1. Physical inactivity data preparation

Physical inactivity data were downloaded onto the local computer and read into a pandas dataframe. The Dataframe was cleaned in order to only keep relevant information. The OpenCage API was used to retrieve the coordinates for the Counties in the state of New York. This was visualized using the folium library.

2. Venue data preparation

Venue data were retrieved by calling the Foursquare API. Only relevant information was stored into a dataframe and then explored. The data was one hot encoded in order to be analysed. A dataframe with the 10 most common venues in each county was created. 

3. Feature reduction by clustering Counties 

In order to reduce the number of features, Kmeans clustering was used. The number of clusters was chosen based on the elbow method and the silhouette score. The Kmeans algorithm was applied to the data and the clusters were visualised using the folium library once again.

4. Predict physical inactivty based on County clusters

In order to predict physical inactivity based on the clusters, the target variable (percentage of physical inacitivity) was converted into 4 categories: "Least active", "Somewhat inactive", "Somewhat active" and "Most active" based on quartiles. Because the target variable became categorical, classification models were used to explore whether County clusters could predict physical activity of each county. Two classification models were chosen, Decision tree and support vector machine. 

To ensure that the models could be evaluated, the data was split into a training set (80%) and a test set (20%). The models were then trained on the training set. The models were evaluated on the test set using F1 score and the Jaccard similarity score.


## Results <a name="results"></a>

The Elbow method and the Silhouette score revealed the 3 clusters would best cluster the Counties based on their most common venue catgeories. 

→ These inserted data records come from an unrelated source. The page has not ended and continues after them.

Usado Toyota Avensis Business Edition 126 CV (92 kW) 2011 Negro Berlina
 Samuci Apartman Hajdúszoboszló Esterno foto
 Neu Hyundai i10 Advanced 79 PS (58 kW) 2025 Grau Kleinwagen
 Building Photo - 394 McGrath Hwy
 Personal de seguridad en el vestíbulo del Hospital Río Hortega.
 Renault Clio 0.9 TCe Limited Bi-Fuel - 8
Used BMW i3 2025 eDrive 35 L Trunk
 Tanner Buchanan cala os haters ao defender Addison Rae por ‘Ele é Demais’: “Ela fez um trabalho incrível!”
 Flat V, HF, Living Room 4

![image.png](attachment:image.png) ![image.png](attachment:image.png)

This resulted in 60 Counties being clustered into 1 cluster, and only 1 County in the remaining two clusters. This can be visualised in the image below:

![image.png](attachment:image.png)

The Decision Tree and the support vector machine models both had an f1 score of and a jaccard similarity score of 0.04 and 0.02 respectively. 

## Discussion <a name="discussion"></a>

The accuracy of both of the models built were very low as shown by the F1 score and the Jaccard similairty score. This shows that the clusters created based on the 10 most common venues in each County, was unable to predict the physical activity levels of the corresponding County. However, this is most likely due to the fact that the venue categories were very narrowly defined, making it difficult for the clustering algorithm to find similarities between Counties based on the 10 most common category types. This caused a very uneven and most crude clustering of the Counties which inhibited the classification agorithms from performing well. 

The Foursquare data does not provide the parent category ID of each venue. For example, the parent category of "indian restaurant" is "restaurants", and the parent category of "gym" is "outdoor and recreation". The only way of retrieving this information is to retrieve information of each venue name. This type of call at the number of calls neede, would have been blocked by Foursquare on a free account. This was a limitation to this project. It is hypothesized that if the 10 most common venues were based on the parent categories of each venue, the clustering algorithm would have performed better, in turn, showing a better prediction result.

## Conclusion <a name="conclusion"></a>

County type, defined by the 10 most common venue categories in each county, was unable to predict the physical activity levels of the corresponding county. Further research should better define venue categories in order to explore whether the most common types of venues within a county can predict physical activity levels.